Initial Instrumentation

Initial instrumentation is critical as the start of the process determines the outcome of calculus removal (Table 1, page 20).

Instrument Selection. Explorers are needed to detect calculus and evaluate instrumentation. Consider the extended shank 11/12, standard 11/12, 3A, or a 2 with a long working end and shank. An explorer is important because rigid curets and files do not have the same tactile properties as instruments with flexible shanks, such as an explorer.

Initially, files are ideal to fracture tenacious calculus deposits. Hirschfeld files, while small, are sturdy with rigid shanks. Because of the flat and round working end, Hirschfeld files adapt well to all surfaces and deposits in shallow or deep pocket depth. Orban files might also be useful if the gingiva is inflamed and elastic.5,6A tanged file is used to sharpen files.

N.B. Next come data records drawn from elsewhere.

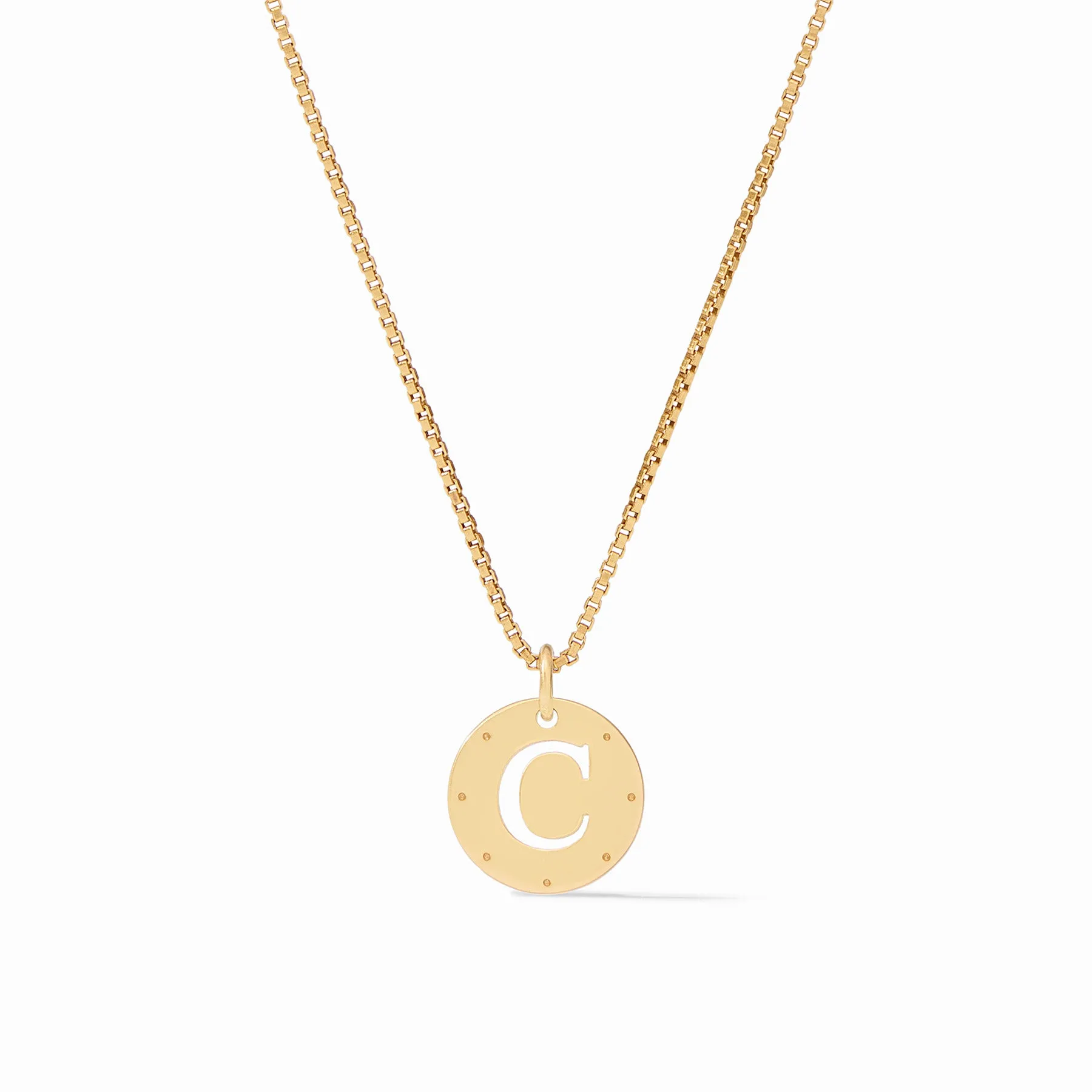 Monogram Delicate Necklace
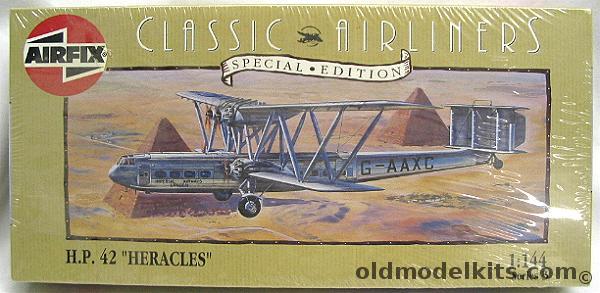 Airfix 1/144 Handley Page HP- 42 Heracles, 03172 plastic model kit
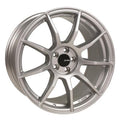 TS9 18x8 Matte Black Wheel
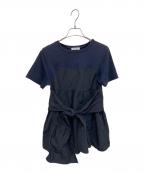 NOLLEY'Sノーリーズ）の古着「ビスチェTシャツ」｜ネイビー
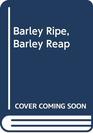 Barley Ripe Barley Reap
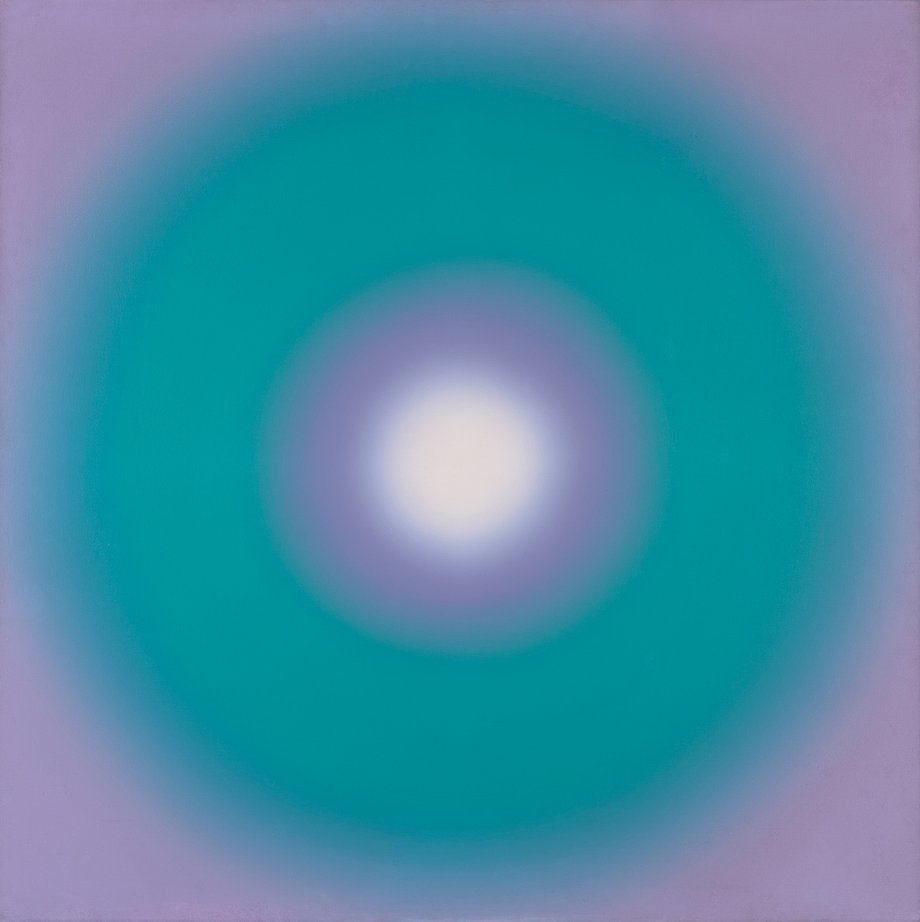 Wojciech Fangor, "M53", 1968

Ultrasonic instrumentation is an option provided the correct tip design and technique are employed. Tips should have wide shanks, be round, have edges or bends, and be indicated for use on higher power. Tip designs that are thin and fine will not adapt well or promote enough power to fracture deposits.7

Second, sharp instruments with rigid or extra rigid shanks are needed due to the tenacity of deposits. Examples include Gracey instruments with rigid or extra rigid shanks, and universal curets with moderate or rigid shanks and long working ends (Table 1). Gracey instruments with standard shanks will be too flexible to remove this type of calculus.

Figure 2. On the mandibular first molar with a wide or narrow periodontal pocket. A. In wide pocket: extended shank Gracey standard curet or universal is indicated. B. With a narrow pocket on the mesial buccal: extended shank Gracey mini, micro-mini, or lite is indicated.

When selecting instruments, consider deposit size, deposit location, and pocket shape. Also, root anatomy is critical to evaluate. Burnished calculus can be large, moderate, or fine and can be located in shallow (4 or 5 mm) or deep pocket depth (more than 6 mm) within wide or narrow pockets (Figure 2).

Choosing the length of an instrument’s shank is determined by the pocket depth: extended shanks are for depths greater than 5 mm. The shape of the pocket is critical when evaluating the blade width and length. A narrow pocket needs a Gracey extended shank mini or micro mini, or lites for effective treatment. Also, narrow pockets on the palate of the maxilla justify short and thin blades. Wide pockets are instrumented with rigid Graceys with longer and wider working ends as well as universal designs.

Figure 3. Hirschfeld file adapted to mesial of mandibular canine. The file head will be placed subgingivally on burnished calculus to initiate instrumentation.
Figure 4. Ultrasonic insert adapted vertically on burnished calculus to initiate instrumentation.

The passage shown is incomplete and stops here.